In July, the mosquitos (a little biting fly) and garnippers (a larger one) [timber flies?] will much vex us. Sometimes the boys are so tired with labour they will steal off and hide under the flakes, or get into the woods and sleep 3 or 4 hours, so hearty that they feel not the mosquitos, who by the time he wakes shall have swollen him blind, and then he knows not to get out. I have seen them prodigiously swollen by them; their cure usually is by populem [black poplar ointment].

When the fishermen lade, or sometimes moor in the day, it's hard work for the shore men, so as they rest not above two hours in a night. Nor are the fishermen better to pass, who row hard and fish all day, and every second night take nets and drive to catch herrings for bait. They have divers kinds of bait. In the beginning of the year they use mussels, then come herrings and generally last all the year. The middle or end of June came the caplin, a small sweet fish and the best bait, and when they come we have the best fishing, the cods pursuing them so eager that both have run ashore. I have seen caplin so thick that one might dip them in maunds [baskets] on the shore. After the caplin come the squids, a fish like soaked leather, and of this shape. [Sketch in original.]

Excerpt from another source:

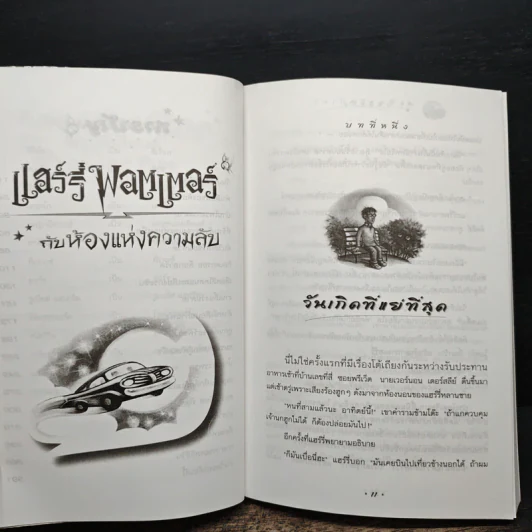 Harry Potter แฮร์รี่ พอตเตอร์ กับห้องแห่งความลับ - J.K.Rowling รูปที่ 8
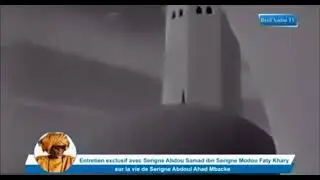 Serigne Abdul Ahad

They catch them in nets or seines, and sometimes by bobbing (as they call it), which is thus: they take a small cod and skin him, and hanging him a little under the water in the night, the squids will lug at it; then they pull it up softly and clap a cap net under, and so secure them.

In the winter the planters employ themselves in getting fish, sawing boards, making oars, catching beaver, and fowling. They have innumerable ducks, several geese, wild pigeons, partridge, hares, etc. September the 14th, we left Renews and sailed for England, where we arrived (without any memorable accident by the way) on Michaelmas day, at Plymouth.